Machine Learning

Post date: Nov 10, 2015 3:22:22 PM

MBA Course Notes to

MACHINE LEARNING

Dr. Dao NamAnh

LEARNING OUTCOMES

From robotics, speech recognition, and analytics to finance and social network analysis, machine learning has become one of the most useful set of scientific tools of our age. With this course we want to bring interested students and researchers from a wide array of disciplines up to speed on the power and wide applicability of machine learning. The ultimate aim of the course is to equip you with all the modelling and optimization tools you’ll need in order to formulate and solve problems of interest in a machine learning framework. We hope to help build these skills through lectures and reading materials which introduce machine learning in the context of its many applications, as well as by describing in a detailed but user-friendly manner the modern techniques from nonlinear optimization used to solve them.

ABOUT THE COURSE

Bài giảng Khóa học Thạc sỹ

HỌC MÁY

Ts. Đào NamAnh

MỤC ĐÍCH

Từ robot, nhận dạng giọng nói, phân tích tài chính và phân tích mạng xã hội, học máy đã trở thành một trong những công cụ khoa học hữu ích nhất hiện nay. Với khóa học này, chúng tôi muốn mang lại cho sinh viên và các nhà nghiên cứu quan tâm trong các ngành khác nhau khả năng khai thác sức mạnh và ứng dụng rộng rãi của máy học. Mục đích cuối cùng của khóa học là trang bị cho bạn với tất cả các công cụ mô hình hóa và tối ưu hóa cần thiết để xây dựng và giải quyết các vấn đề quan tâm trong máy học. Chúng tôihy vọng sẽ giúp xây dựng các kỹ năng thông qua các bài giảng và tài liệu đọc giới thiệu máy học cùng vớinhiều ứng dụng của nó, cũng như bằng cách mô tả một cách chi tiết và dễ hiểu, các kỹ thuật hiện đại từ tối ưu hóa phi tuyến để giải quyết bài toán.

GIỚI THIỆU MÔN HỌC

Data acquisition devices, computers and networks are generating data to an unprecedented level that postulates the development and utilization of powerful, robust and adaptive learning solutions in order to accomplish various challenging tasks such as pattern recognition, time series modeling, optimization, decision support, diagnosis, text mining, and multimedia searching etc. In this course, advanced methods in the context of dimension reduction, feature extraction and selection, clustering, and classification will be explored. Along with conventional machine learning algorithms, artificial neural networks and computational intelligence methods will also be discussed. The interrelationship between these methods will be addressed, and the mixture-of expert approach will be examined. We will also look at a few case studies on building powerful, intelligent data mining systems.
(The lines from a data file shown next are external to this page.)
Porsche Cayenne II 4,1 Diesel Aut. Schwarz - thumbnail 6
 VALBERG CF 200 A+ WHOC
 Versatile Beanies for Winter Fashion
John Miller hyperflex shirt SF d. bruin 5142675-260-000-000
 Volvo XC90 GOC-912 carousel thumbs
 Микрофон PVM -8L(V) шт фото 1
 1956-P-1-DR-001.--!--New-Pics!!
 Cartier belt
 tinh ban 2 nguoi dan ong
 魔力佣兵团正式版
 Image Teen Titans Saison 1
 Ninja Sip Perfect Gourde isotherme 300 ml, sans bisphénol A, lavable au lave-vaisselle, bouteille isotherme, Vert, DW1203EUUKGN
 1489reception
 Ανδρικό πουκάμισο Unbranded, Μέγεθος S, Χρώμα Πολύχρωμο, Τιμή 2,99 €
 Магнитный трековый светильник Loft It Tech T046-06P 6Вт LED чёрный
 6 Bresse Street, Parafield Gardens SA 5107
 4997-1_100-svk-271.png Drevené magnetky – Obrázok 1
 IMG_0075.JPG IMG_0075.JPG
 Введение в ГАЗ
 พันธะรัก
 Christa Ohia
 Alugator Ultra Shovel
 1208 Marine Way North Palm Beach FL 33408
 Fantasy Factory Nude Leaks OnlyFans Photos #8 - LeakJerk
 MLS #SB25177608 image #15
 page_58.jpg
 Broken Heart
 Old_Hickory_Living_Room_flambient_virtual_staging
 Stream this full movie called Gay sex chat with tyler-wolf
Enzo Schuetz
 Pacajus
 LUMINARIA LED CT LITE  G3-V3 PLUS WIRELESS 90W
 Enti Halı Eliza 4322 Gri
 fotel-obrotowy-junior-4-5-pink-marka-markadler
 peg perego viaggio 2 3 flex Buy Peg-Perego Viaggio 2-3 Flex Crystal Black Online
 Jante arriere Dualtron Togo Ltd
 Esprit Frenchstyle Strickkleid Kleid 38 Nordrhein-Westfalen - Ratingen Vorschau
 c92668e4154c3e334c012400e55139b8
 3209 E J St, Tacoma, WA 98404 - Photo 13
The course is taught with formal and informal lectures and in-class discussion is encouraged. Students will give presentations based on selected research papers of interest. A major assessment component is a project that aims at developing an intelligent data analysis system for real-world problem solving.

PREREQUISITES

ĐIỀU KIỆN

A thorough understanding of Linear Algebra and Vector Calculus (e.g., students should be able to easily compute gradients/Hessians of a multivariate function), as well as basic understanding of the Python or MATLAB/OCTAVE programming environments.

TEACHING METHODS

PHƯƠNG PHÁP GIẢNG DẠY

20h lecturer, 30h exercise, 15h homework

COURSE OUTLINE

NỘI DUNG MÔN HỌC

    1. Introduction to Machine Learning
    2. Decision-Tree Learning
    3. Supervised Learning
    4. Linear Classifier
    5. Perceptron Learning
    6. Neuron Model
    7. Feature
    8. Multiclass
    9. Support Vector Machines
    10. Naïve Bayes
    11. Bayesian Learning
    12. Ensemble Methods
    13. Clustering
    14. Principal Component Analysis

GRADING

ĐÁNH GIÁ

The final grade will be determined based on regular homeworks, one midterm exam, and a Semester Project:

Homeworks: 20%

Midterm Exam: 30%

Semester Project: 50%

Hands-on design projects are the key component of the course. Team work is required for the projects.

RECOMMENDED TEXTS

TÀI LIỆU THAM KHẢO

The lectures will follow, in part, Tom Mitchell, Machine Learning, McGraw Hill, 1997. The more advanced material will be based on material the instructor will make available. Some interesting books for the advanced material include:

    • Kevin P. Murphy, Machine Learning: A Probabilistic Perspective, 2014
    • Christopher Bishop, Pattern Recognition and Machine Learning, Springer, 2006
    • Hal Daumé III, A Course in Machine Learning.
    • Dave Kauchak, CS 451 - Machine Learning and Big Data, 2013
    • Pedro Domingos, CSE 446, Machine Learning, 2009
    • Raymond J. Mooney, CS 391: Machine Learning, 2007

INTERESTING LINKS

CÁC TRANG WEB HỮU ÍCH

Major links from Clayton Scott:

Books

    • Hastie, Friedman, and Tibshirani, The Elements of Statistical Learning, 2001
    • Bishop, Pattern Recognition and Machine Learning, 2006
    • Ripley, Pattern Recognition and Neural Networks, 1996
    • Duda, Hart, and Stork, Pattern Classification, 2nd Ed., 2002
    • Tan, Steinbach, and Kumar, Introduction to Data Mining, Addison-Wesley, 2005.
    • Scholkopf and Smola, Learning with Kernels, 2002
    • Mardia, Kent, and Bibby, Multivariate Analysis, 1979
    • Computational Statistics (online book)
    • Sutton and Barto, Reinforcement Learning: An Introduction, MIT Press, 1998.
    • Bertsekas and Tsitsiklis, Neuro-Dynamic Programming, Athena Scientific, 1996.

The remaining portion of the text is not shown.